Hi, "Boehm, Hans" <email@example.com> wrote:
> And CPU locals don't seem to be very intuitive for the
agree. indeed, they are good for _very_few_ things (such as DCL ;-)
> I guess I'm still confused as to what we're trying to accomplish.
> Why are CPU locals better than thread locals?
they would just help to save some storage. with 2 CPUs, YY singletons
and XXX threads we would need 2 x YY CPULocal instances (instead
of XXX x YY ThreadLocal instances). however, they would also speedup
things a _little_bit, because it could also reduce number of
lock/unlock/set (with ThreadLocals we need XXX number of lock/unlock/set).
> In the per-CPU case, you may get switched between the CPU id lookup
> and the actual read, so unless you somehow inhibit preemption,
> you may still get the wrong one.
yup. but this is not a problem (well, at least for DCL). memory view is
the same after the switch as it was before it. So that if on some CPU
a thread was allowed (via CPULocal) to pickup the singleton
pointer/ref and use it, even after the switch to some other CPU it
will be safe to continue w/o extra synch. (read memory barrier).

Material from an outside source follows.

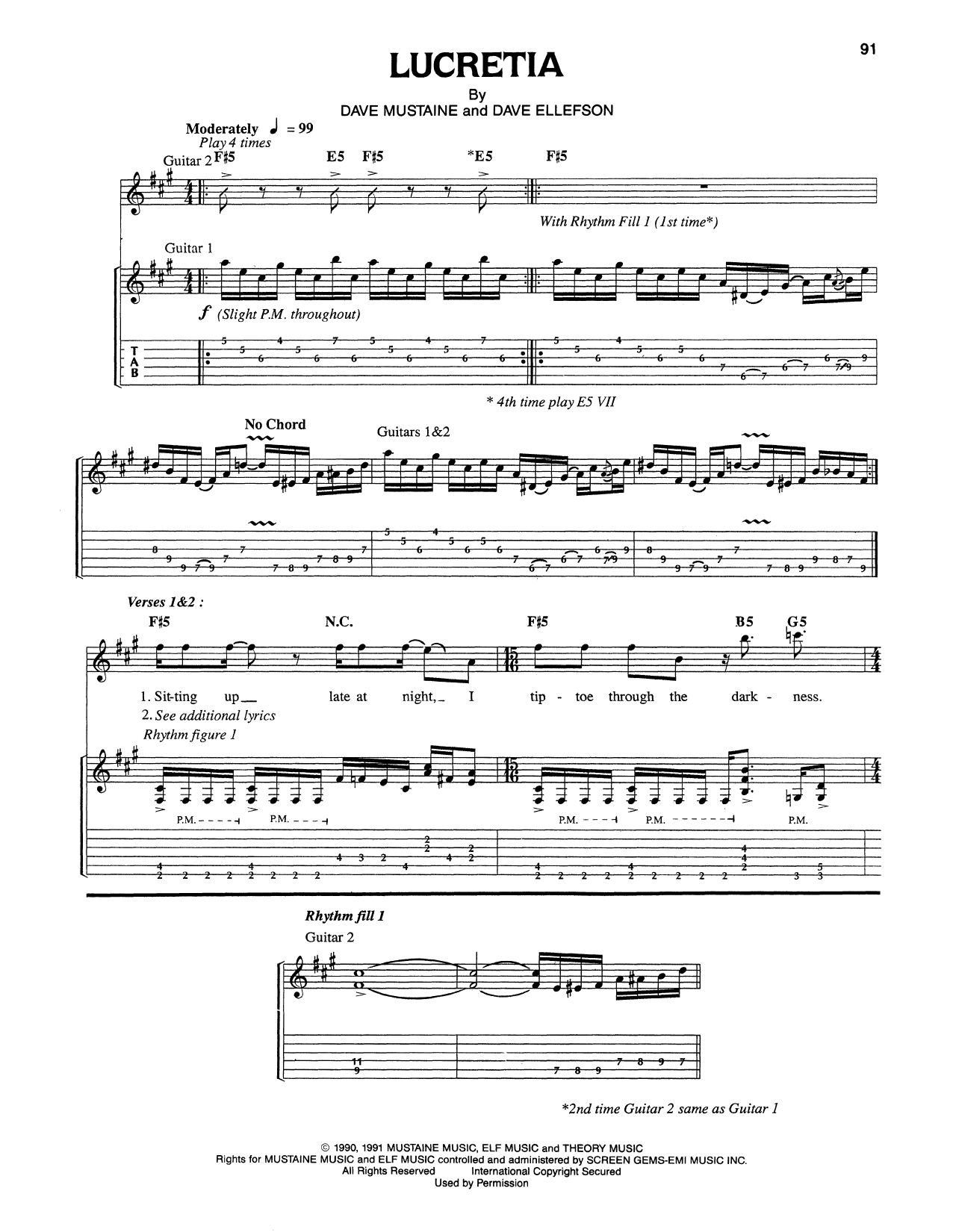 Download Megadeth Lucretia Sheet Music and learn how to play Guitar Tab PDF digital score in minutes
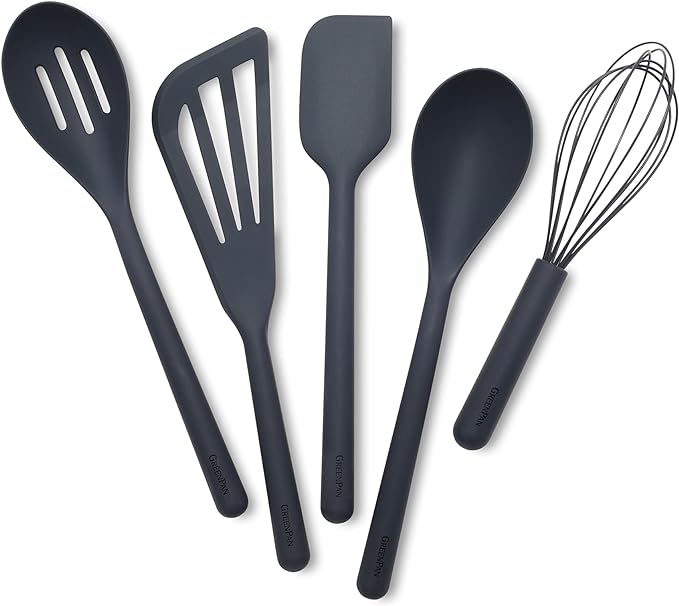 GreenPan Silicone 5 Piece Cooking Utensil Set, Slotted & Solid Spoon, Turner, Spatula, Whisk, Flexible Nonstick Kitchen Tools, Steel Core, Heat-Resistant Anti-Slip Handle BPA-Free Dishwasher Safe Gray by GreenPan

"Boehm, Hans" <firstname.lastname@example.org> on 03/27/2001 08:53:05 PM
Please respond to "Boehm, Hans" <email@example.com>
To: Alexander Terekhov/Germany/IBM@IBMDE, "Boehm, Hans"
cc: "'firstname.lastname@example.org'" <email@example.com>, firstname.lastname@example.org,
email@example.com, firstname.lastname@example.org, email@example.com,
jmaessen@MIT.EDU, firstname.lastname@example.org, email@example.com,
Subject: RE: JavaMemoryModel: Re: "Double-Checked Locking is Broken"
> -----Original Message-----
> From: TEREKHOV@de.ibm.com [mailto:TEREKHOV@de.ibm.com]
> > Does that really buy you performance at user level? Unlike thread
> > the semantics of "CPULocals" seem nontrivial, since you can
> ge preempted
> > halfway through an update ...
> that should not be a problem for atomic writes to
> pre-allocated storage.
Yes, but it seems to add lots of additional corner cases that would need to
be defined. And CPU locals don't seem to be very intuitive for the
> and i also think that there should not be any problem to add
> full mutex
> based synchronization (still atomic writes but to dynamically
> storage using internal DCL w/o memory barriers) so that
> get/lookup calls
> would still _not_ need any synchronization / memory barriers - that is
> what really buys performance. however, it is really important
> that set()
> after get() should not assume that it updates the same
> CPULocal variable
> which was checked via get() - CPU may change - a thread could
> be running
> on a different CPU after get() (fortunately that will make _no_
> difference with respect to memory visibility).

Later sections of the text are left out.